[[ Data supplied open ]]

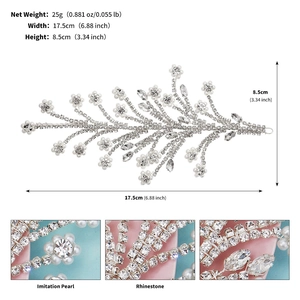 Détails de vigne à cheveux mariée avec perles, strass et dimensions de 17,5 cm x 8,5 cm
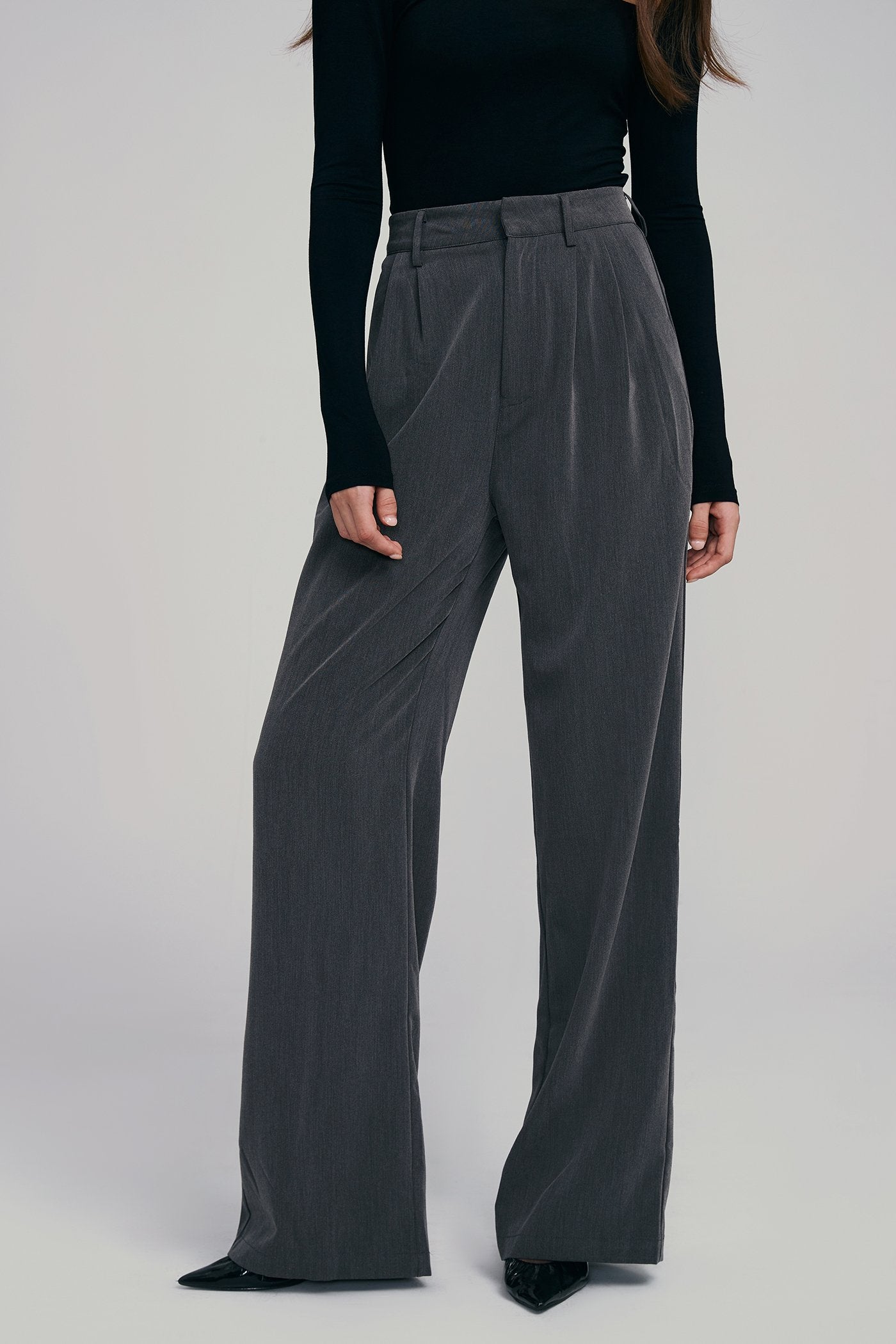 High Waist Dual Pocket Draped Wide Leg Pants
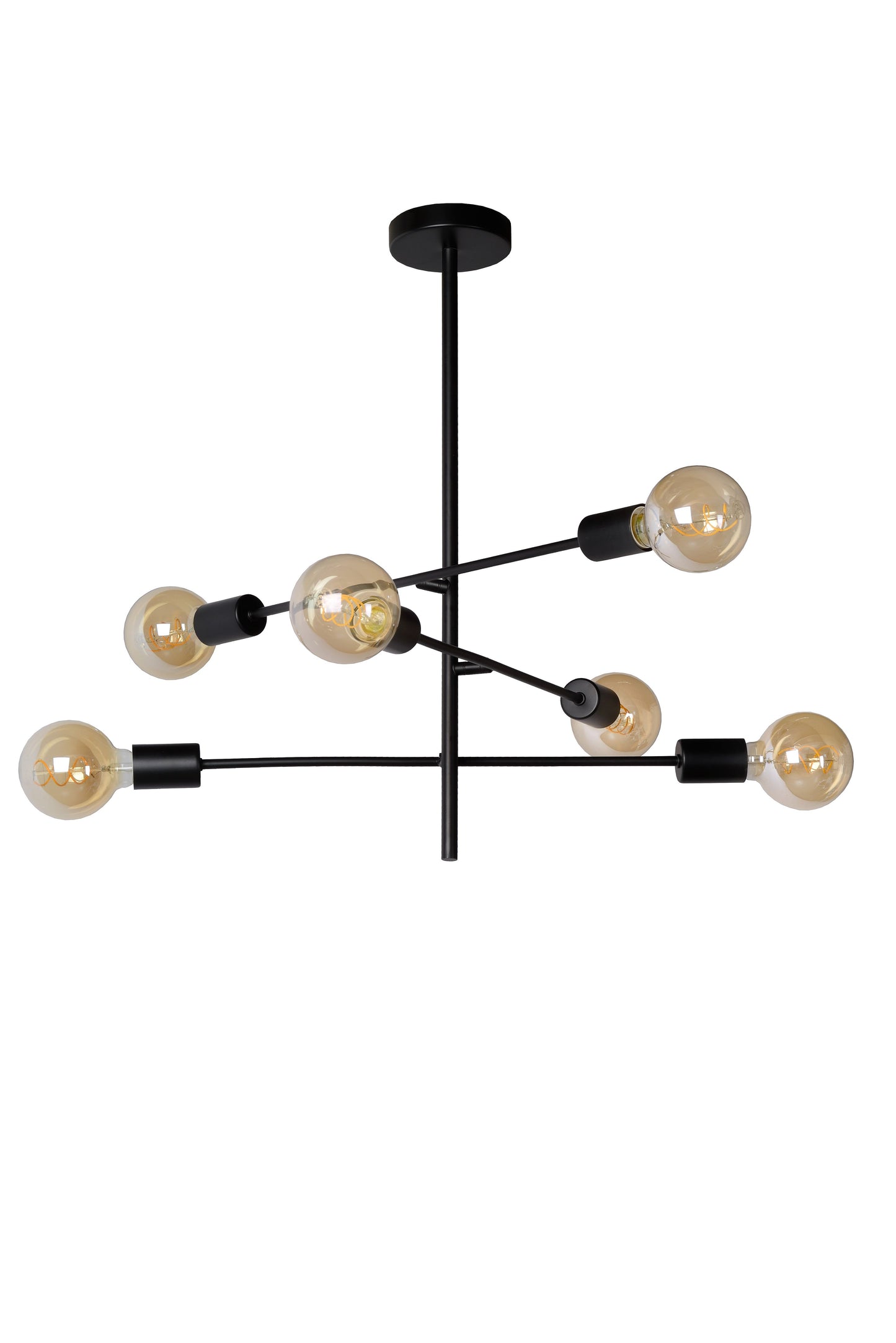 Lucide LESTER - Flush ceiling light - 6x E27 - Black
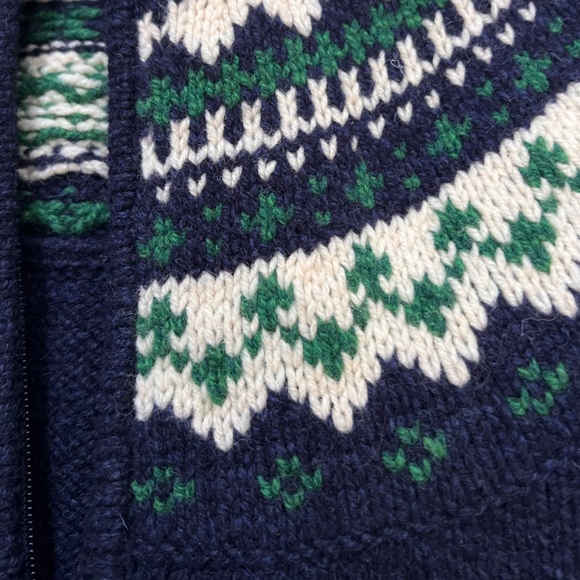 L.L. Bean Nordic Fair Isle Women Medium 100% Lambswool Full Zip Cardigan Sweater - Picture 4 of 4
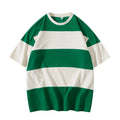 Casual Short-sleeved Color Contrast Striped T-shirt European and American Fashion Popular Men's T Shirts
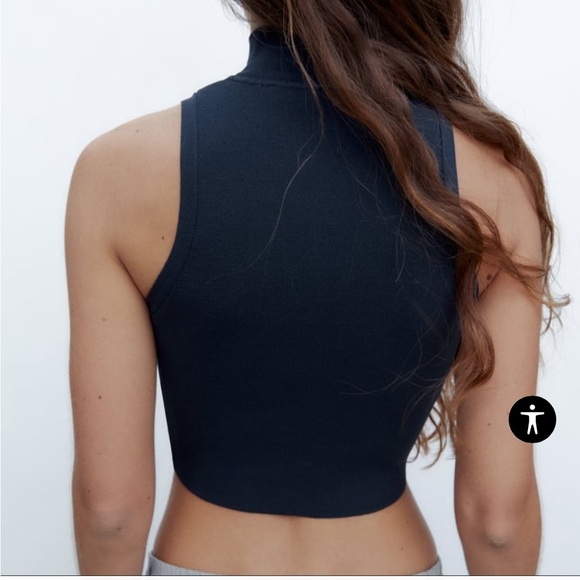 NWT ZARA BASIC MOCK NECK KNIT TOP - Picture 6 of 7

[[ Data supplied closed ]]

The data above must be given again in full and unaltered, minus its images.

 Détails de vigne à cheveux mariée avec perles, strass et dimensions de 17,5 cm x 8,5 cm
 High Waist Dual Pocket Draped Wide Leg Pants
 Lucide LESTER - Flush ceiling light - 6x E27 - Black
 L.L. Bean Nordic Fair Isle Women Medium 100% Lambswool Full Zip Cardigan Sweater - Picture 4 of 4
 Casual Short-sleeved Color Contrast Striped T-shirt European and American Fashion Popular Men's T Shirts
 NWT ZARA BASIC MOCK NECK KNIT TOP - Picture 6 of 7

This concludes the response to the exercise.